Return every line below in which "Blue" appears.

Start of Dataset excerpts

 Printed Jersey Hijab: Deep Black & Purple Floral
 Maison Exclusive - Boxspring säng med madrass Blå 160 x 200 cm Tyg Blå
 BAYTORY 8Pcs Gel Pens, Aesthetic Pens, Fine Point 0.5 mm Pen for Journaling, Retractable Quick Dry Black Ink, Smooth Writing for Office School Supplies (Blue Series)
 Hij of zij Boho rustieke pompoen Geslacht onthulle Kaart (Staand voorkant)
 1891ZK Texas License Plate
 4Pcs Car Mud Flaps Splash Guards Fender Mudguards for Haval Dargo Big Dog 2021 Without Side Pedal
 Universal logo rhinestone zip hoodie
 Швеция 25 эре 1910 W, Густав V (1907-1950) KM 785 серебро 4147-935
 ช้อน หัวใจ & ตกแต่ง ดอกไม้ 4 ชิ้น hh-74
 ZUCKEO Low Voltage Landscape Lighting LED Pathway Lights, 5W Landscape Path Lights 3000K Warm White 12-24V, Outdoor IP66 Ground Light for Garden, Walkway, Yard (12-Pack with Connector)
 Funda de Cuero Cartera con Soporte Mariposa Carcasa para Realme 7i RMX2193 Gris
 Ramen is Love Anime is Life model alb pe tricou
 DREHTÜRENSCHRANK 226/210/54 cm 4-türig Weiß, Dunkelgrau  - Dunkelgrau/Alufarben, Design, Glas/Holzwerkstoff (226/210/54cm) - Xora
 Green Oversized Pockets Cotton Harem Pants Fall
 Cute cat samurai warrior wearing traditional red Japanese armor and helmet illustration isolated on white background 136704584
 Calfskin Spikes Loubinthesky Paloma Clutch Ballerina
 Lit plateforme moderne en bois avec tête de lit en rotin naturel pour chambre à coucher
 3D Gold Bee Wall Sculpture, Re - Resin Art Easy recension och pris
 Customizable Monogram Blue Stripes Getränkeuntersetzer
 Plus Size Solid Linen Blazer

End of Dataset excerpts

→ Task result
 BAYTORY 8Pcs Gel Pens, Aesthetic Pens, Fine Point 0.5 mm Pen for Journaling, Retractable Quick Dry Black Ink, Smooth Writing for Office School Supplies (Blue Series)
 Customizable Monogram Blue Stripes Getränkeuntersetzer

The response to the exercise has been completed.